What You Need to Make this Recipe
Acorn squash — you’ll need 2 small acorn squash for this recipe, which will be enough for 4 servings. The acorn squash I used weighed about 1¼ pounds each.
Italian sausage — use your favorite ground Italian sausage. I find that spicy Italian sausage balances the sweetness of the squash. But if your family doesn’t like spicy food, use sweet Italian sausage instead.
Onion — have you ever cooked an onion in sausage drippings until tender? The flavor is out of this world! You can use any type of onion you have- yellow, white, red, or sweet varieties all work great.
Mushrooms — this recipe calls for baby Bella mushrooms, but you could use white mushrooms or cremini mushrooms instead.

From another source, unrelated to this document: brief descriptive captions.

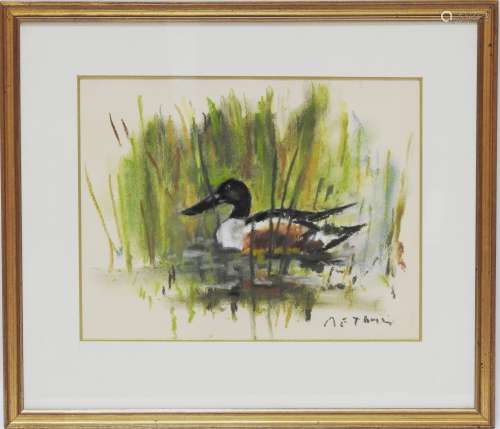 皮埃尔-埃米尔-索兰(1904-1983)芦苇丛中的鸭子粉彩右下角有签名21 x 26.5厘米见图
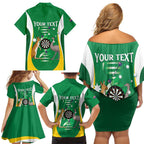Personalised Australia Darts Family Matching Off Shoulder Short Dress and Hawaiian Shirt Aussie Its In My DNA National Color - Aussie Hoodie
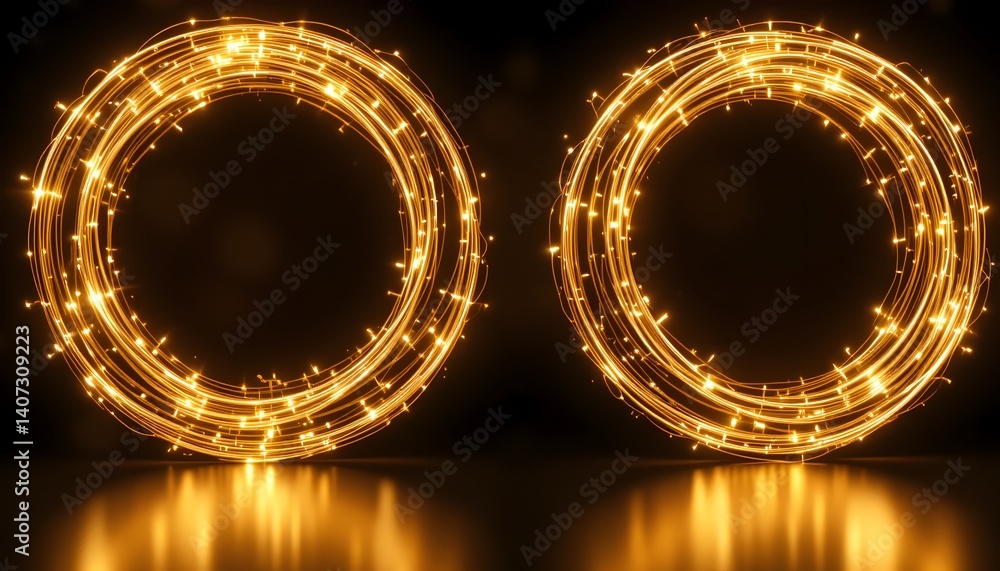 Poster illuminated golden glowing circles create a magical and elegant backdrop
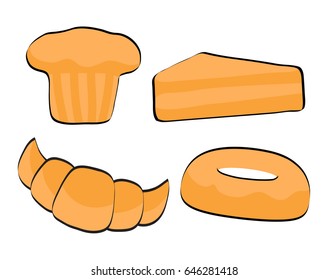 Set of sweet donut, croissant, cupcake, cake,  cartoon style vector illustration isolated on white background.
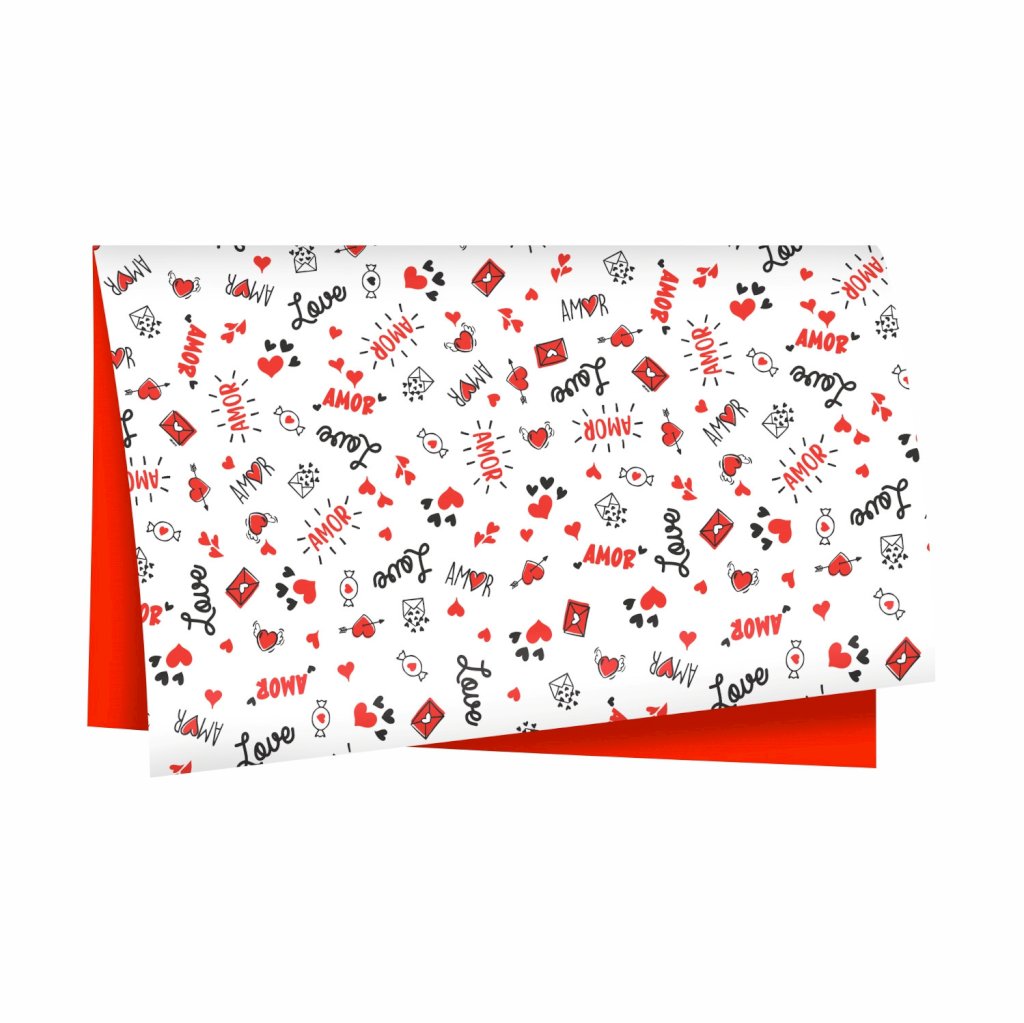 Poli Dupla Face História de Amor 68cmx65cm FOLHA Branco/Vermelho MAE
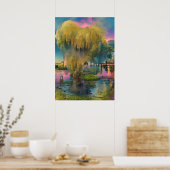 Poster Saule au coucher du soleil près de l'étang (Cuisine)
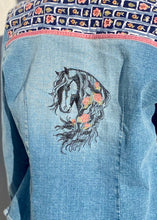 Load image into Gallery viewer, Vintage Denim Jacket with Embroidered Horse on Back

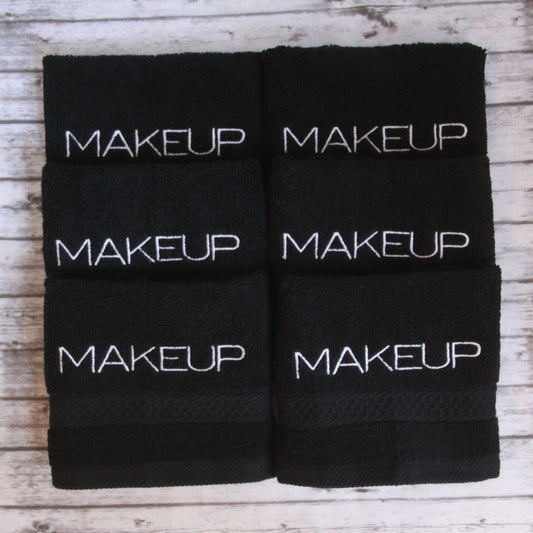 makeup washcloth, black makeup, embroidered bath wash cloth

Apple — a chopped apple adds more fall flavor to the hearty filling. Honeycrisp is a good option, but you could also use something sweeter like Fuji. Opt for sweet-tart or sweet apples for this recipe. Save tart Granny Smith apples for apple pie instead.
Thyme — fresh thyme has a vibrant, earthy, somewhat minty flavor that takes the sausage filling to the next level. You could also add other fresh herbs like chives, oregano, or basil.
Garlic — you just need 2 cloves of minced garlic for added savory goodness to round out the flavors in this dish.
Cheese — cheese adds a layer of richness to the sausage-stuffed acorn squash. And you can really use whatever kind of cheese you like!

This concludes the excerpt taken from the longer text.